──────── RECORDS SHOWN

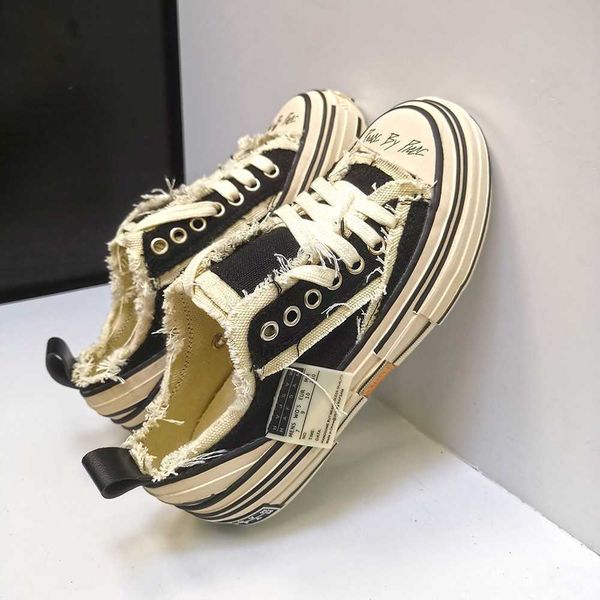 

xvessel vanness wu's same canvas shoes for men and women's new model ulzzang low cut lovers thick soled shoes beggar shoes, Black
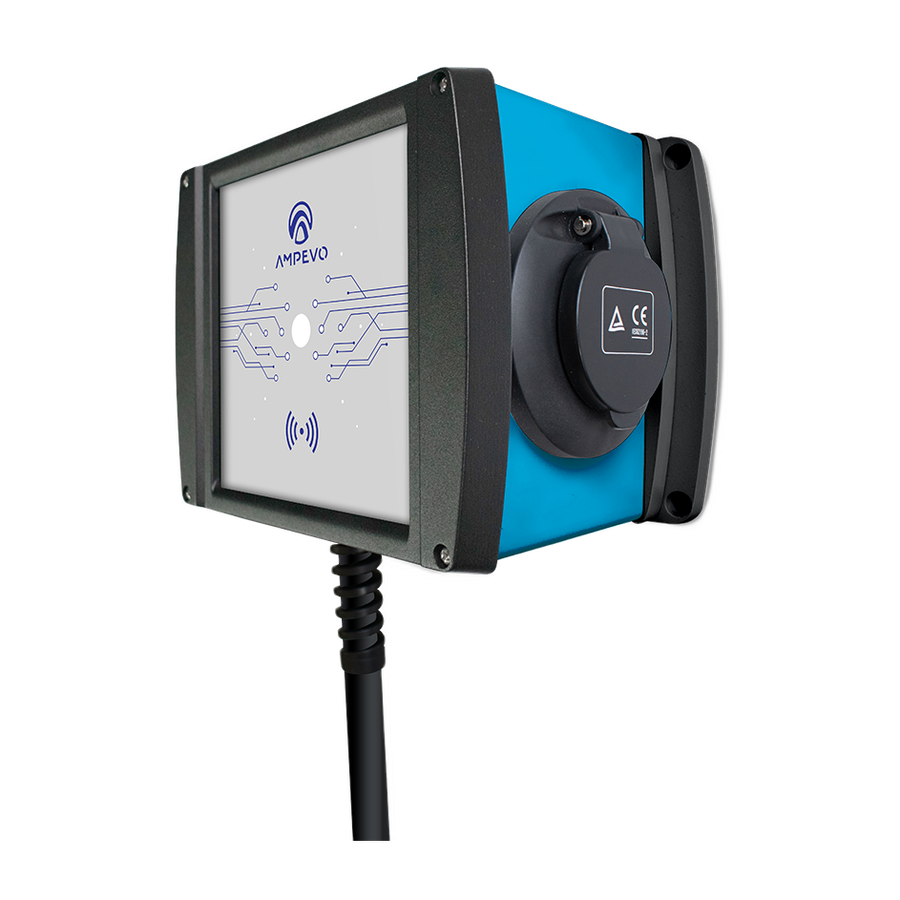 General Security Ampevo AMP322T2GO-CP – stație de încărcare EV 22 kW, vedere laterală cu priza Type 2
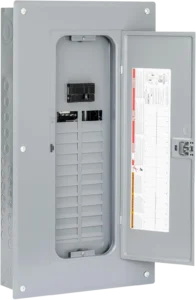 A gray electrical breaker box is shown with its door open, revealing multiple empty slots and one installed circuit breaker. The door has a large safety label.
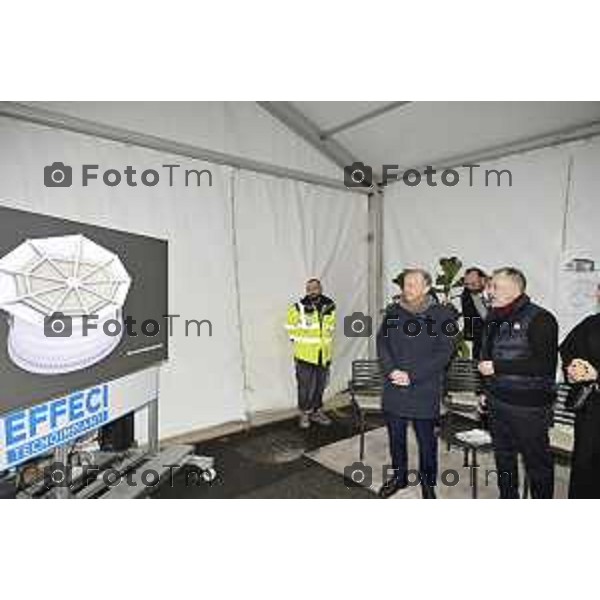 Tiziano Manzoni/LaPresse 19-12- 2025 Italia Cronaca Bergamo Bergamo primo manufatto edilizio italiano realizzato con tecnologia di stampa 3D architettonica, “Ol Casél”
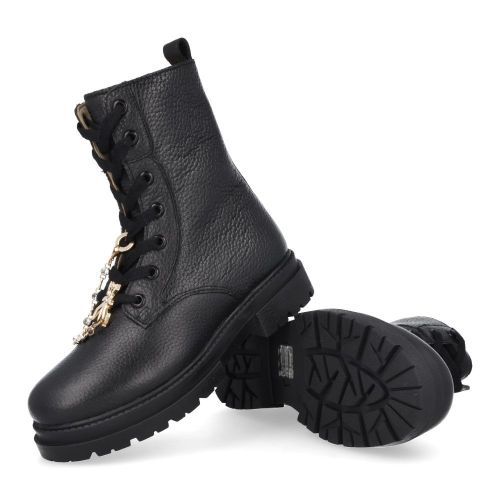 Patrizia pepe veterboot Zwart Meisjes (zwarte bottine - PJ856.31) - Junior Steps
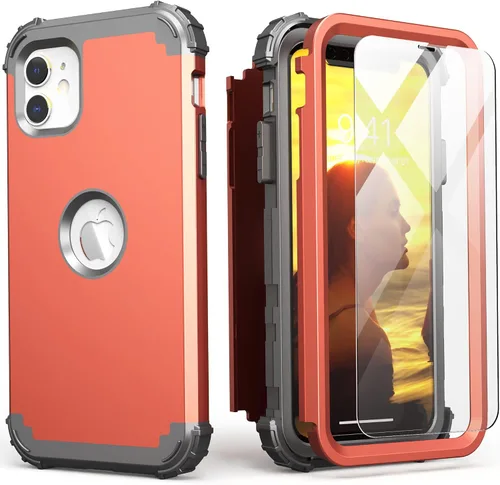 Vista 36 de IDweel Funda para iPhone 11 con Protector de Pantalla de Vidrio Templado, Híbrida 3 en 1 Resistente a Golpes Delgada de Protección Resistente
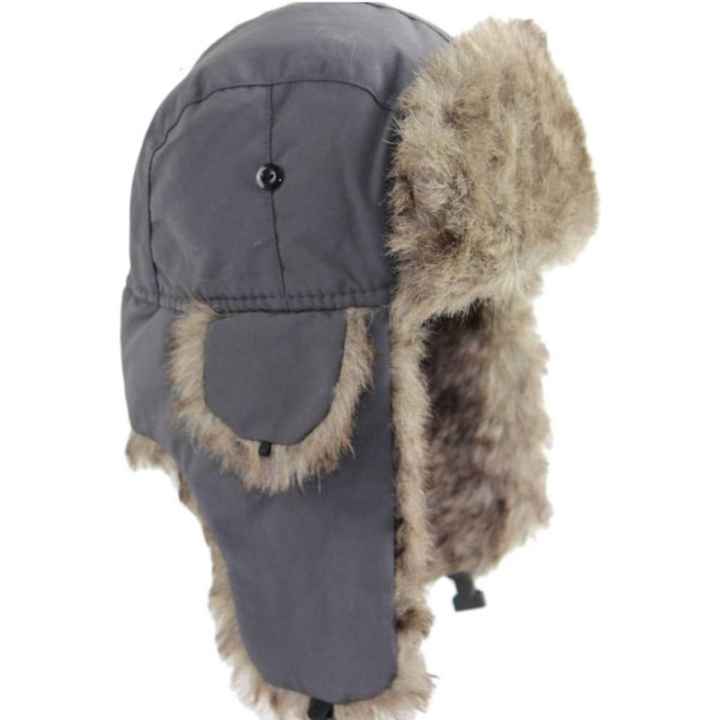 Snug fit winter hat with warm faux fur, designed as a unisex trapper hat for ultimate comfort in snow.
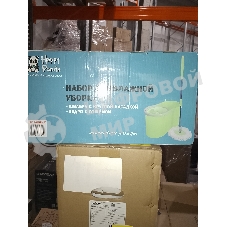 (Поврежденная упаковка) Набор для влажной уборки HP-MB05-P Happy Panda с ведром с механизмом отжатия и 2 насадками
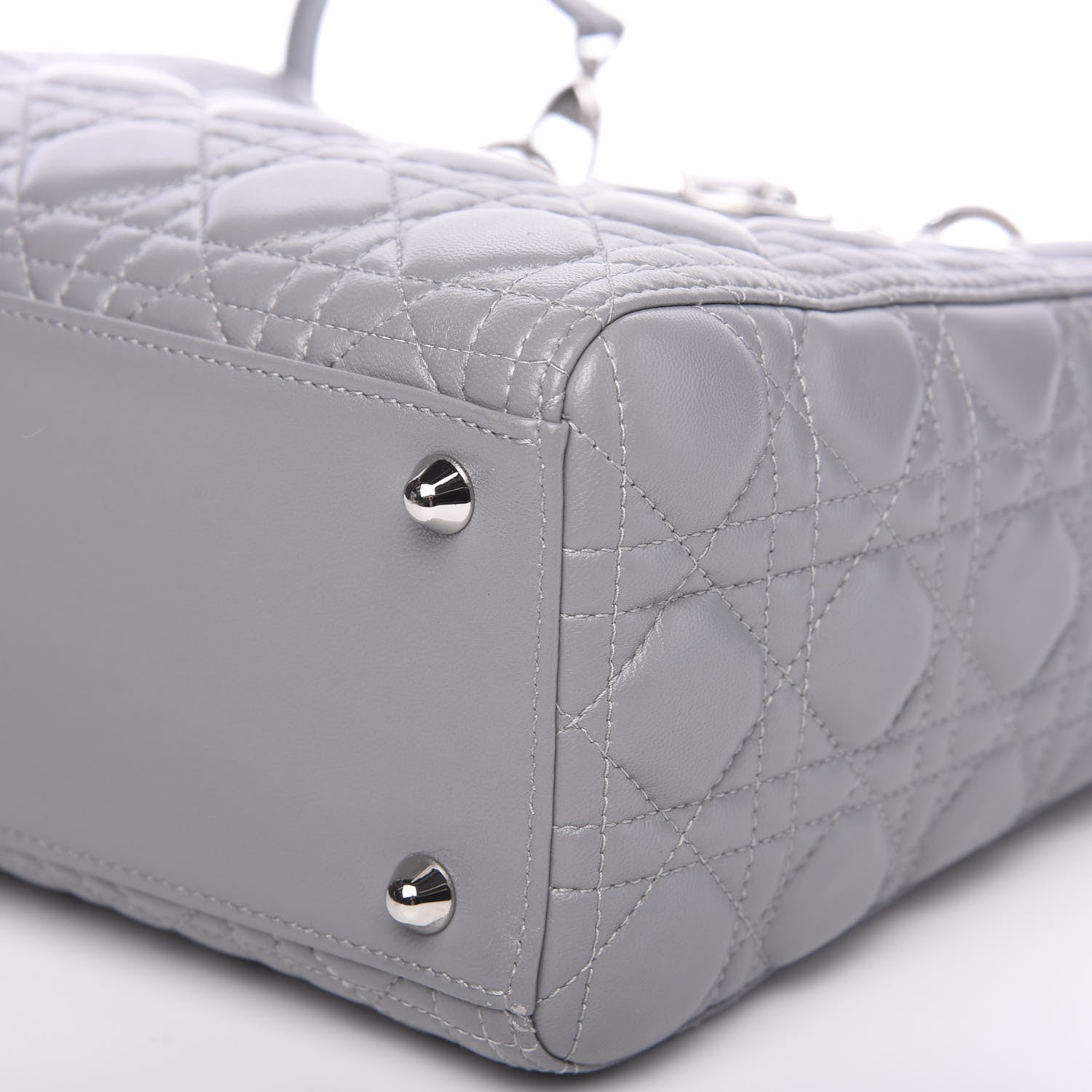 Christian Dior Lambskin Cannage Large Lady Dior Grey 6 of 8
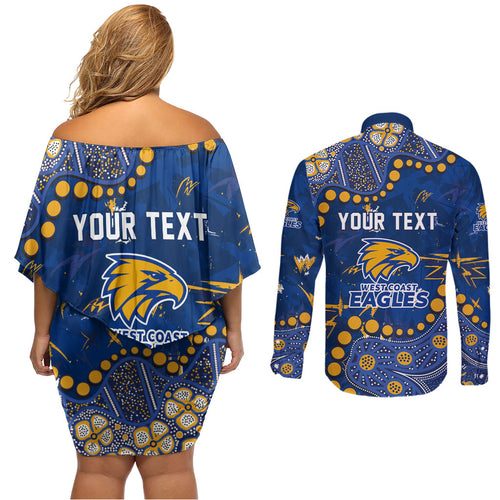 Personalized West Coast Eagles Couples Matching Off Shoulder Short Dress and Long Sleeve Button Shirt Aboriginal Pattern with Graffiti Style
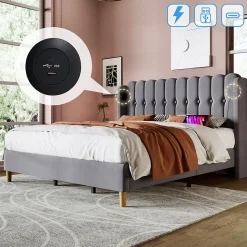 Lit Double 180 x 200 Cm - Lit Adult avec Chargement USB Type-C - Lin, MDF, Métal - Sans Matelas - Gris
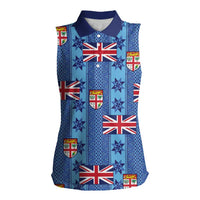 Fiji Masi Tapa Women Sleeveless Polo Shirt Coat Of Arms - Polynesian Pride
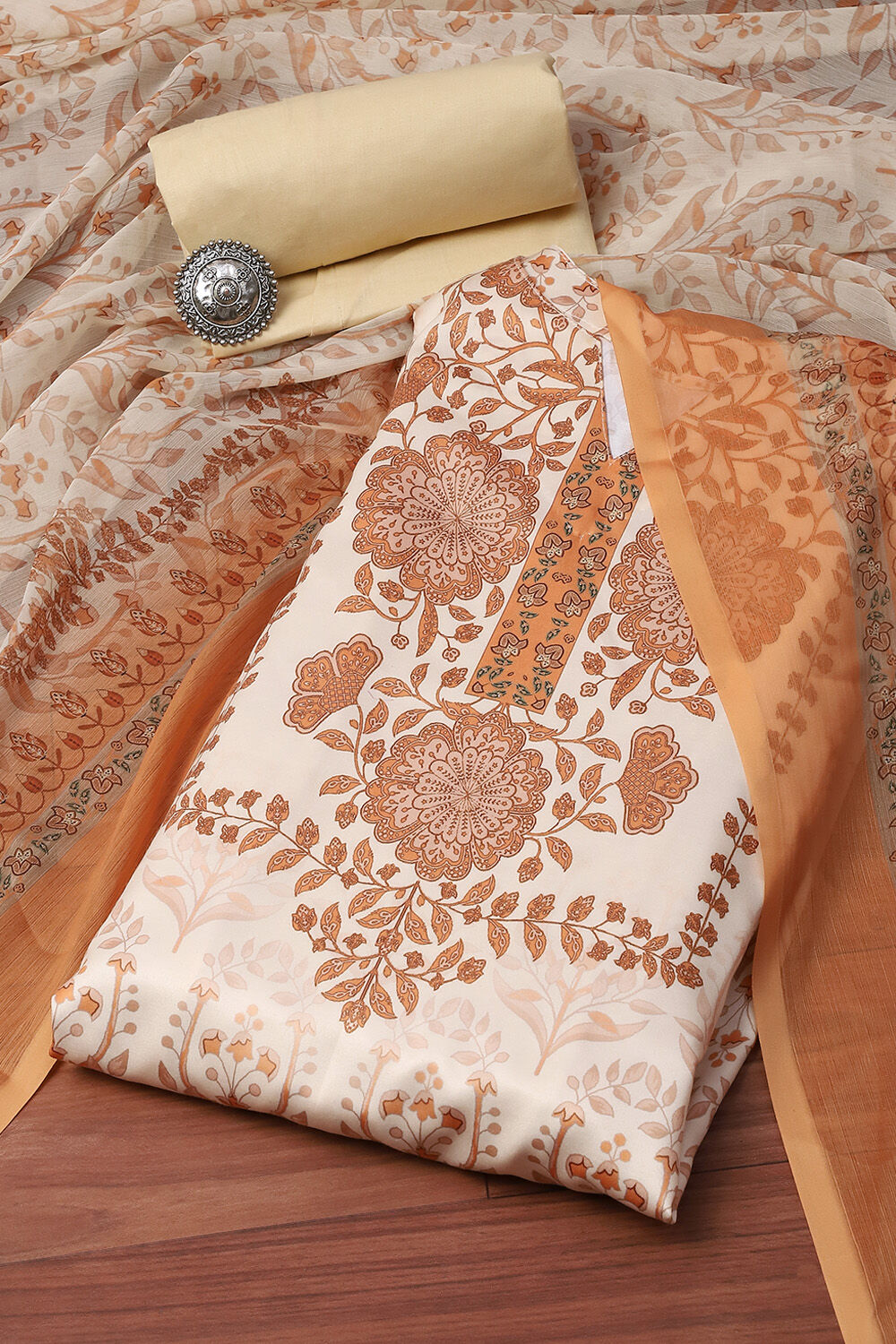 Beige Cotton Screen Print Unstitched Suit Set image number 0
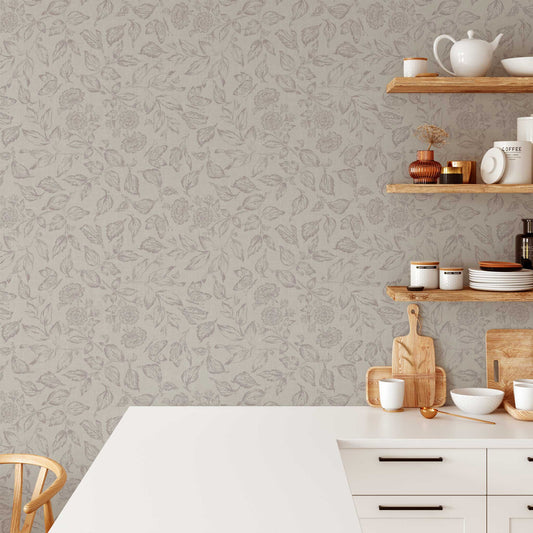 Butterfly Rose Garden Wallpaper in Taupe shown in a kitchen.
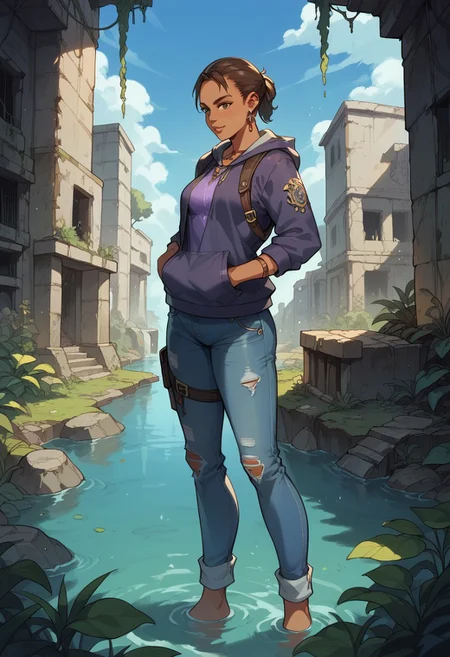 score_9, score_8_up, score_7_up,
1girl, Sheva Alomar, hoodie, jeans, in an abandoned ruins, dark, dark fantasy, torches, water, flora, eyes in the dark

────────────────

[TASK REQUIREMENTS]:
Leave out any pictures, please, and quote only the lines from the top of the data through the line that contains "Christian Dior Lambskin".

[WRITTEN RESPONSE]:
xvessel vanness wu's same canvas shoes for men and women's new model ulzzang low cut lovers thick soled shoes beggar shoes, Black
 General Security Ampevo AMP322T2GO-CP – stație de încărcare EV 22 kW, vedere laterală cu priza Type 2
 A gray electrical breaker box is shown with its door open, revealing multiple empty slots and one installed circuit breaker. The door has a large safety label.
 Tiziano Manzoni/LaPresse 19-12- 2025 Italia Cronaca Bergamo Bergamo primo manufatto edilizio italiano realizzato con tecnologia di stampa 3D architettonica, “Ol Casél”
 Patrizia pepe veterboot Zwart Meisjes (zwarte bottine - PJ856.31) - Junior Steps
 Vista 36 de IDweel Funda para iPhone 11 con Protector de Pantalla de Vidrio Templado, Híbrida 3 en 1 Resistente a Golpes Delgada de Protección Resistente
 Snug fit winter hat with warm faux fur, designed as a unisex trapper hat for ultimate comfort in snow.
 (Поврежденная упаковка) Набор для влажной уборки HP-MB05-P Happy Panda с ведром с механизмом отжатия и 2 насадками
 Christian Dior Lambskin Cannage Large Lady Dior Grey 6 of 8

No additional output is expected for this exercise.